Prompt = Find the line that contains "Alien vs The Cat – Space Jam" in the records below, then repeat exactly that line and each one after it, leaving pictures out.

Data to use =

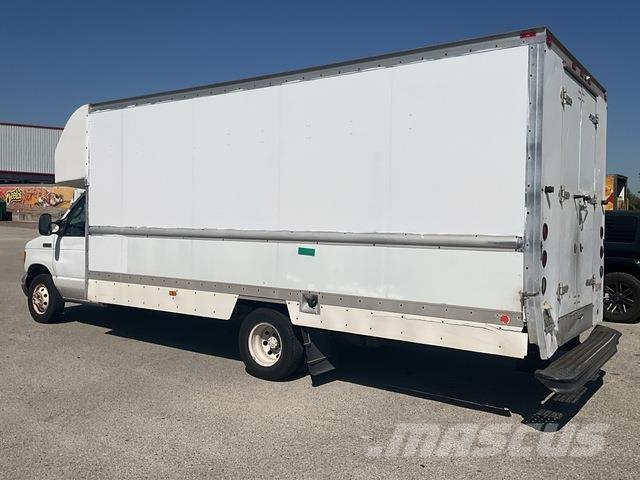 Ford E-350 Camiões de caixa fechada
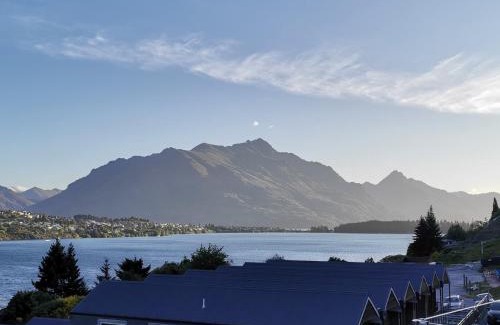 Queenstown Apartment | Alpine Village Views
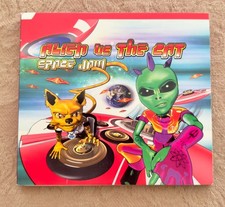 Alien vs The Cat – Space Jam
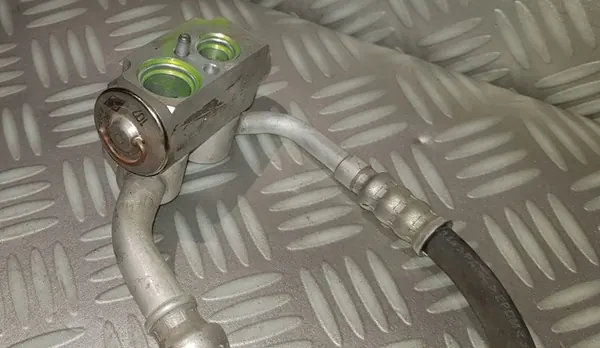 AUDI Q7 Takalämmitysjäähdytin täydellinen letkuilla OEM image 5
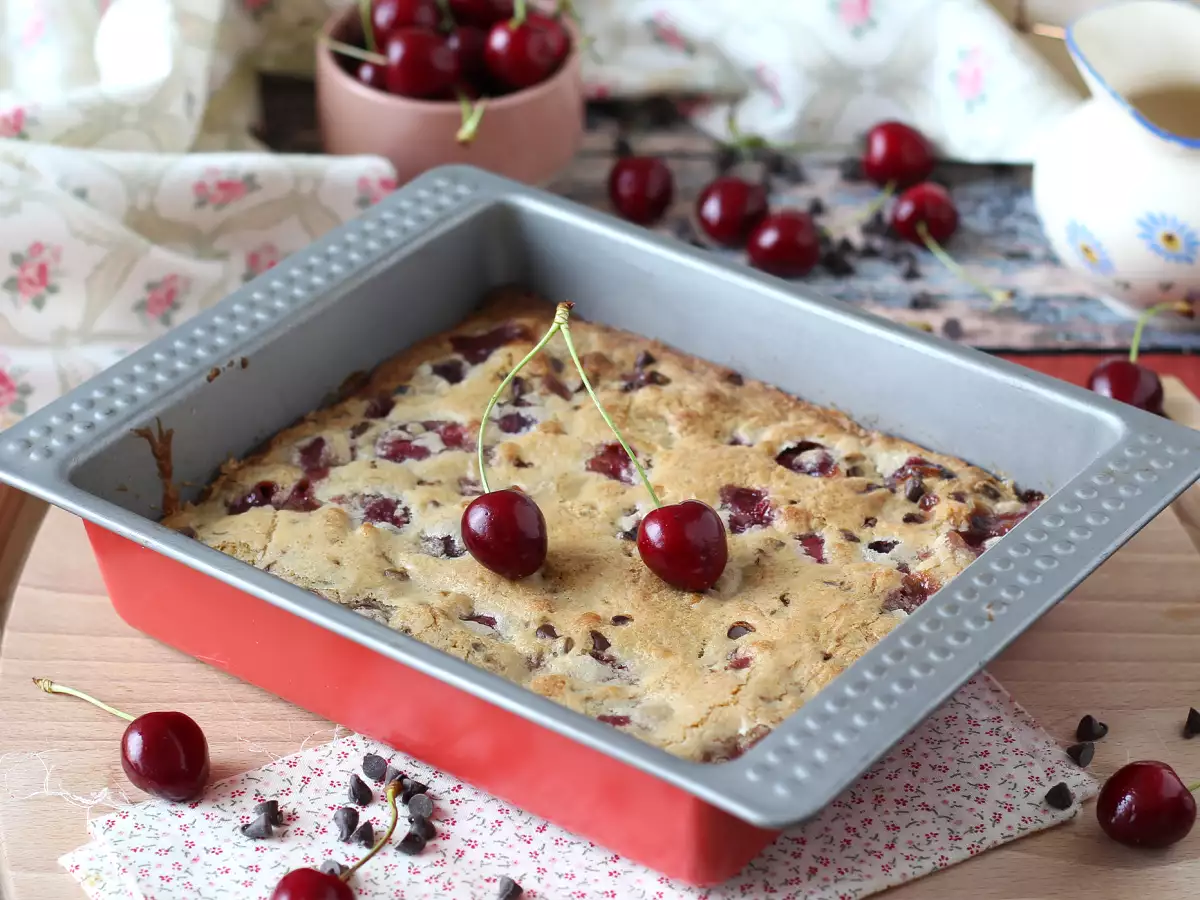Blondie de cereja e chocolate, um bolo crocante e macio ao mesmo tempo! - foto 4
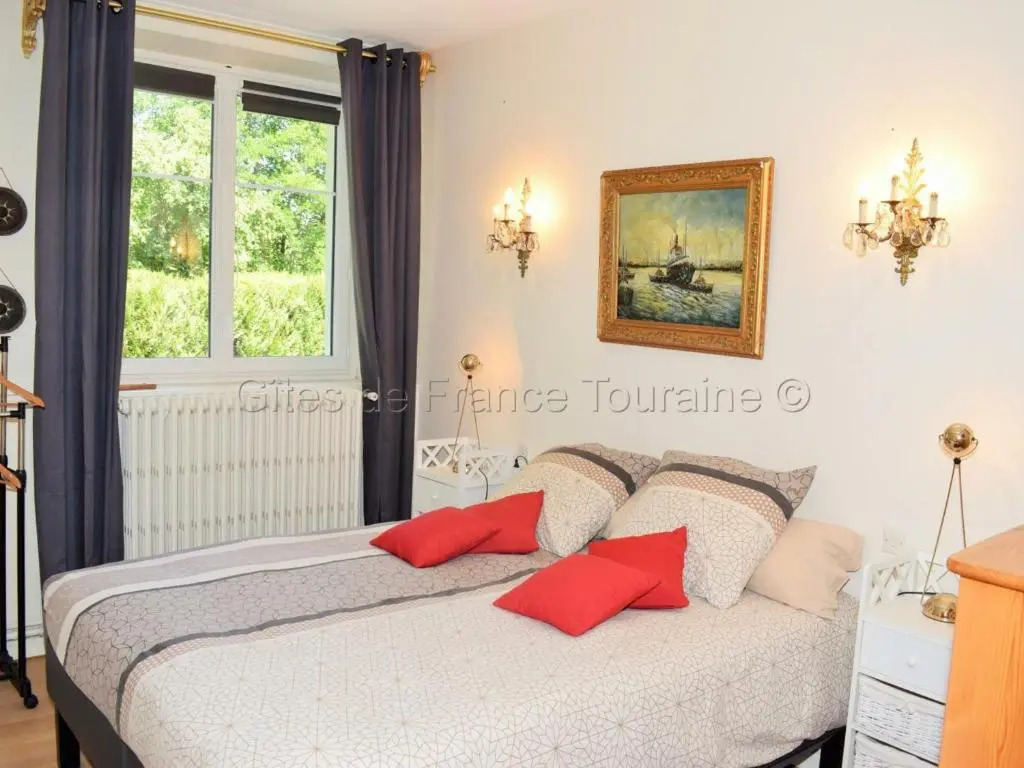 Évasion champêtre : Gîte enchanteur avec jardin clos, rivière et tout confort près des Châteaux de la Loire. - FR-1-381-506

Reply to the task =
 Alien vs The Cat – Space Jam
 AUDI Q7 Takalämmitysjäähdytin täydellinen letkuilla OEM image 5
Blondie de cereja e chocolate, um bolo crocante e macio ao mesmo tempo! - foto 4
 Évasion champêtre : Gîte enchanteur avec jardin clos, rivière et tout confort près des Châteaux de la Loire. - FR-1-381-506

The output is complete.